To extend the range of the aircraft and reach more remote targets, the CIA approached the Navy proposing to develop the ability to launch and land U-2s from carriers.
Project Whale Tale began on an August morning in 1963, when test pilot Bob Schumacher took off with his U-2 from the USS Kitty Hawk aircraft carrier that sailed out of San Diego Harbor. After his successful launch, Schumacher performed several landing approaches, proving that the U-2’s performance made arrested landing and wave off (if needed) possible.
But while he was attempting his first landing, one wingtip struck the deck. Schumacher barely managed to take to the air again preventing the plane from crashing overboard.
In spite of the close call, the program continued and three U-2As were modified and got a stronger landing gear, an arresting hook, and wing spoilers that decreased lift during landing. While these modifications were taking place, Schumacher and several CIA pilots developed their carrier landing skills flying T-2 Buckeye trainers from USS Lexington aircraft carrier.
Carrier flight training began in earnest for the CIA pilots at Pensacola and Monterey Naval Air Stations.

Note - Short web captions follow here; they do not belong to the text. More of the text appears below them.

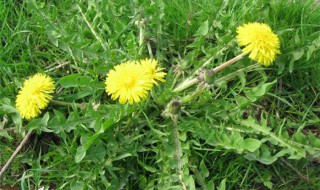 野生蒲公英开花好开不开花好（野生蒲公英什么时候开花）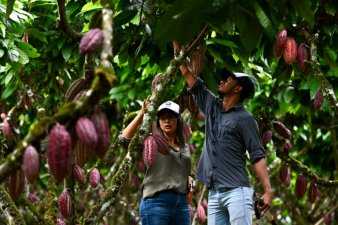 Un ouvrier coupe des fruits de cacao suspendus à un arbre dans une ferme du canton de Buena Fe, dans la province de Los Rios, en Équateur, le 12 juin 2024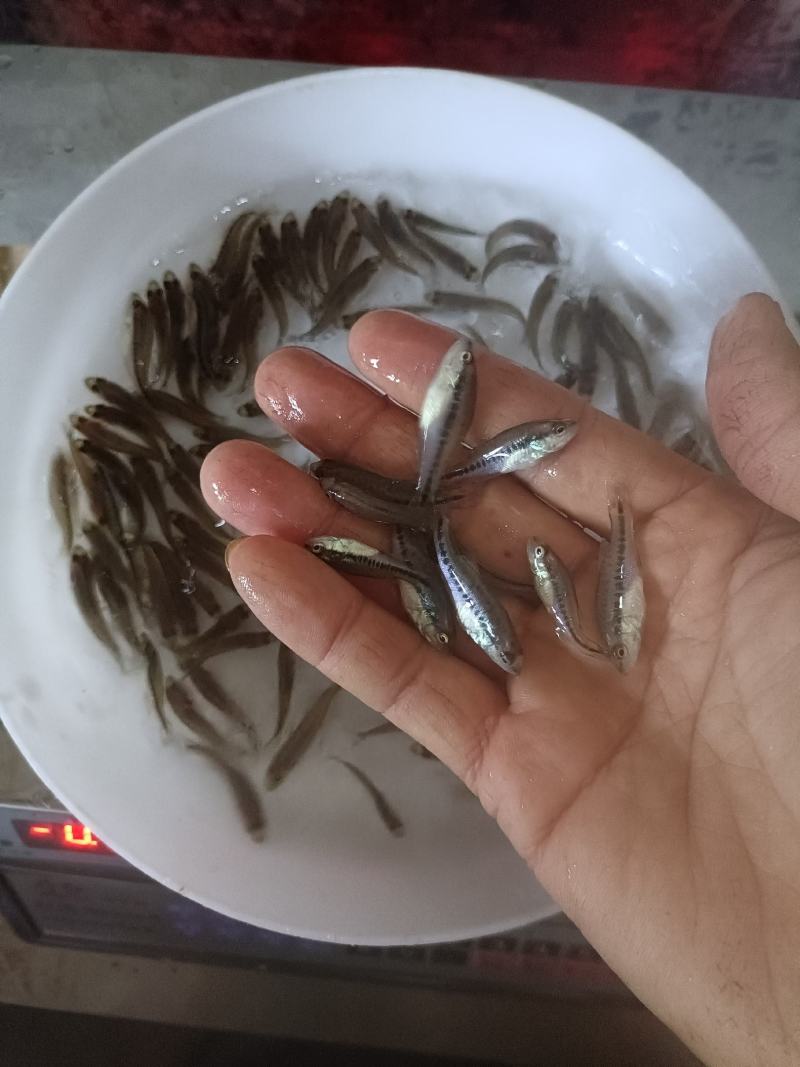 加洲鲈鱼苗，己训吃料，欢迎咨询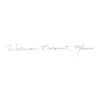 Waterman EXPERT CT penna svart silver
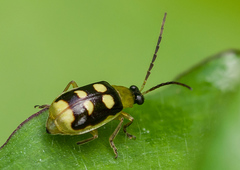 Diabrotica sinuata
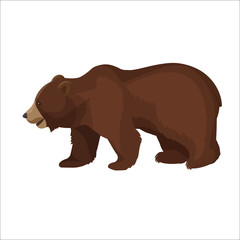 Large brown bear side view close-up graphic icon on white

The CIA aviators were already crack airmen—now training with one of the most difficult and demanding aircraft ever flown. Given their already impressive aviation skills, training focused on the specifics of carrier ops. By February 1964, two groups were qualified and the carrier USS Ranger was positioned offshore from Southern California, commencing all-up U-2 takeoffs and landings.
on Mar. 2, 1964, Lockheed test pilot Bob Schumacher got the jet glider off the deck using its enormous lift in a little over 320 feet—a dramatic climb that stunned the sailors below. Landing proved more of a challenge and Schumacher settled for a touch-and-go before taking the U-2 to land at Lockheed’s Burbank airfield over a hundred miles away. But the point was proved: the Dragon Lady could launch from a carrier.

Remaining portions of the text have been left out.